Innovation. It's not an off-the-shelf commodity. Every company that conducts business over the Web, consolidates its data centers, has survived a CRM or ERP implementation, regularly taps its data warehouse, or rolls out voice over IP isn't an innovator. That's plenty hard work, but such business technology initiatives are table stakes in this day and age.
At InformationWeek, we're particularly picky about applying the innovator moniker. Our tagline is Business Innovation Powered By Technology, but we know that CIOs and other high-level business technology decision makers have PR handlers just as the vendors do, so we're skeptical when we're told that yet another company has transformed itself or its industry with its deft IT touch. For the past 18 years, our InformationWeek 500 story package (and accompanying conference this year) has celebrated the nation's leading business tech innovators, but we settle on our company rankings only after the most rigorous quantitative and qualitative analysis.
We won't reveal the details of that evaluation process here--too many companies would reverse engineer our survey to up their ranking next year--but suffice it to say that we judge innovation differently from the mainstream media. Here are some of the myths and realities of what defines an InformationWeek 500 company.

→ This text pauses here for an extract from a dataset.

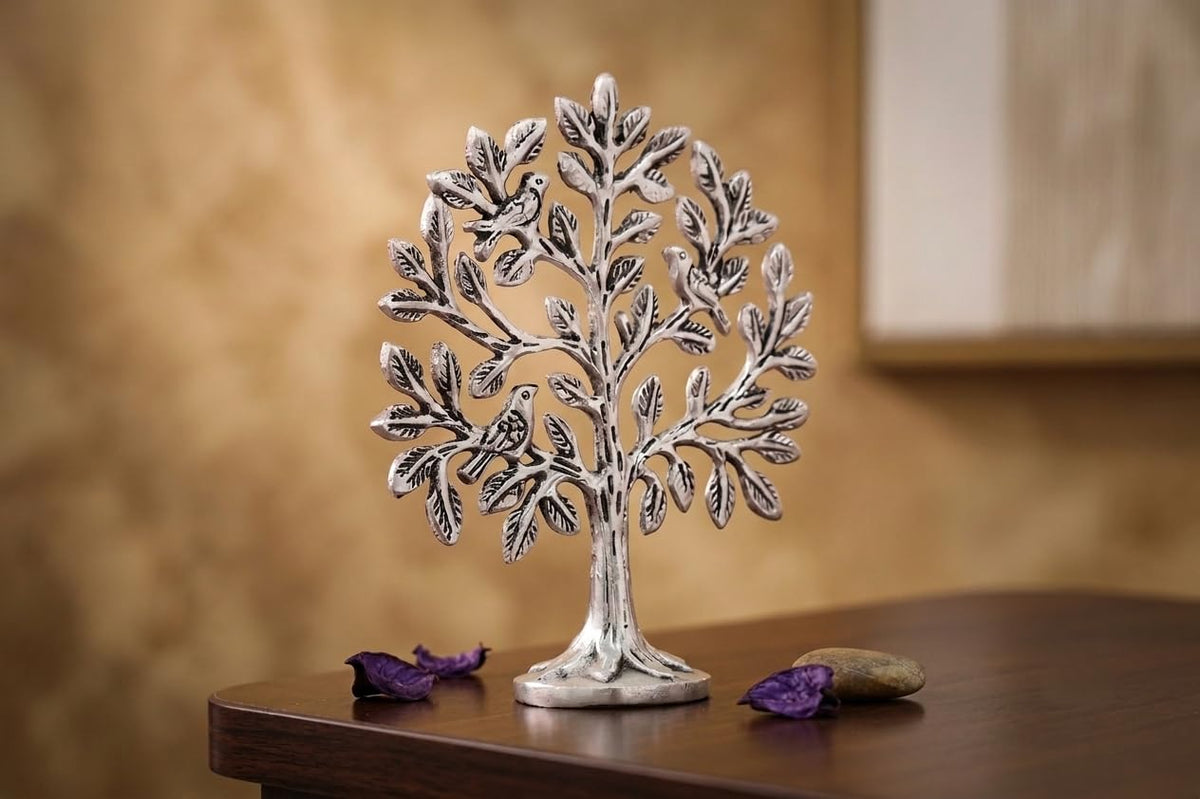 KridayKraft Metal Kalpavriksha Tree for Home Decor - Golden Wish Fulfilling Tree Metal Showpiece for Temple, Vastu, Office Table & Gifting Banyan (No 0 Silver)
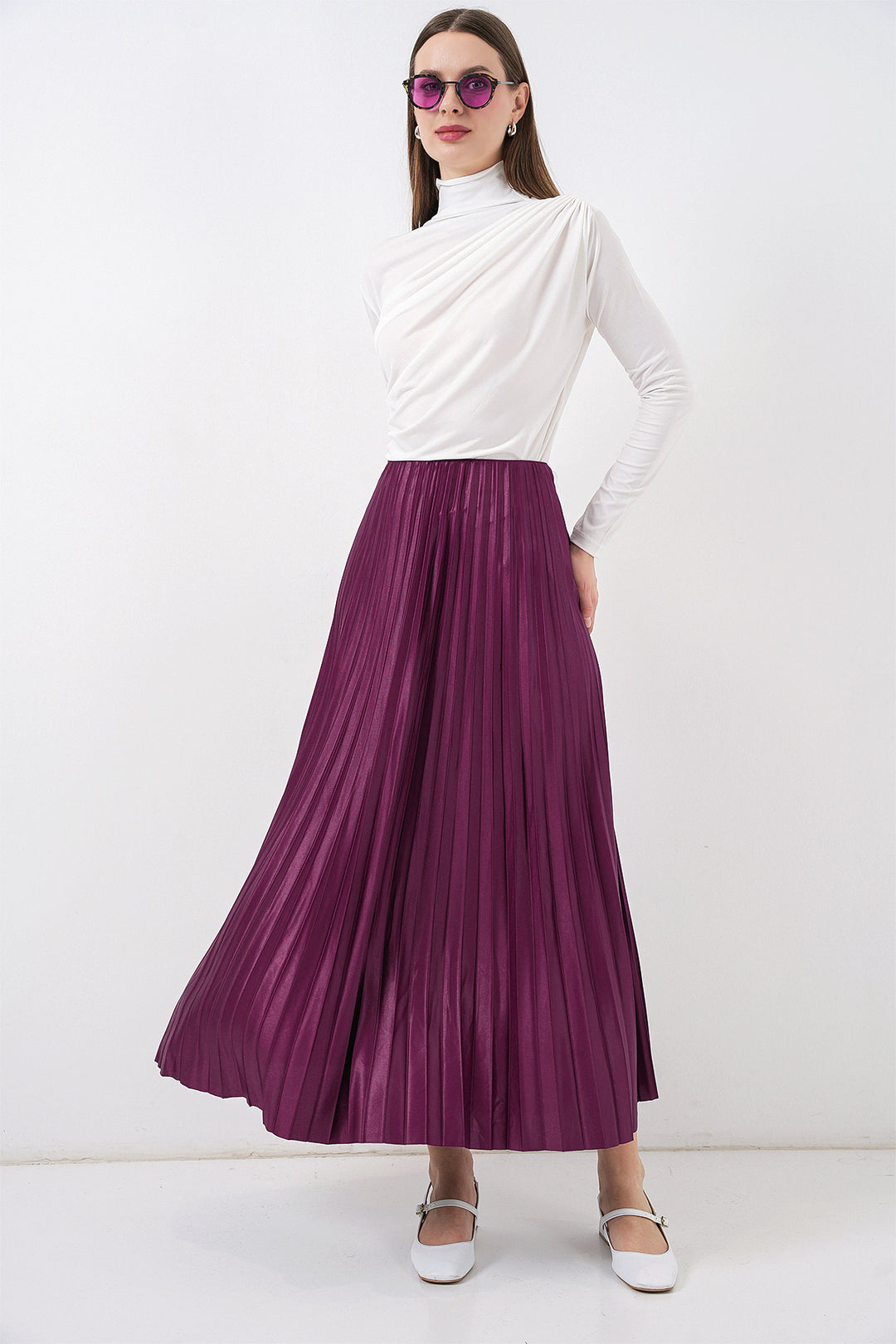 Bigdart Jupe plissée en simili cuir 8009 - Violet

>> Honorees tend to be the biggest U.S. companies with the biggest IT budgets. Sort of. It's indeed true that InformationWeek 500 candidates must be U.S.-based and have annual revenue of at least $500 million. And while the average revenue of companies on this year's 500 list is $9.47 billion--a size that would place a company smack in the middle of the Fortune 500--our top 25 includes several companies in the $1 billion to $3 billion range, and the average revenue of our top 10 companies is just over $8 billion. The average InformationWeek 500 company will spend $304 million on IT in 2006, or 3.2% of revenue.
>> Company size and IT spending must be trending upward, at least. Au contraire! The average revenue of an InformationWeek 500 company in 2001 was $12.47 billion, 32% more than the current average. The average IT spend in 2001 was $484 million, 59% more than it is today, as IT spending as a percentage of revenue also is on the decline. Far more important than how much you spend is how you spend it.
>> Only the hottest, most successful companies make the InformationWeek 500 cut, since business technology innovation must translate to industry leadership. Not always. While the majority of the 500 are profitable, more than a few are comebacks-in-progress, companies that are leveraging IT as they rebound from major mistakes or market collapses. Cases in point are No. 4 Global Crossing and No. 6 Sun Microsystems.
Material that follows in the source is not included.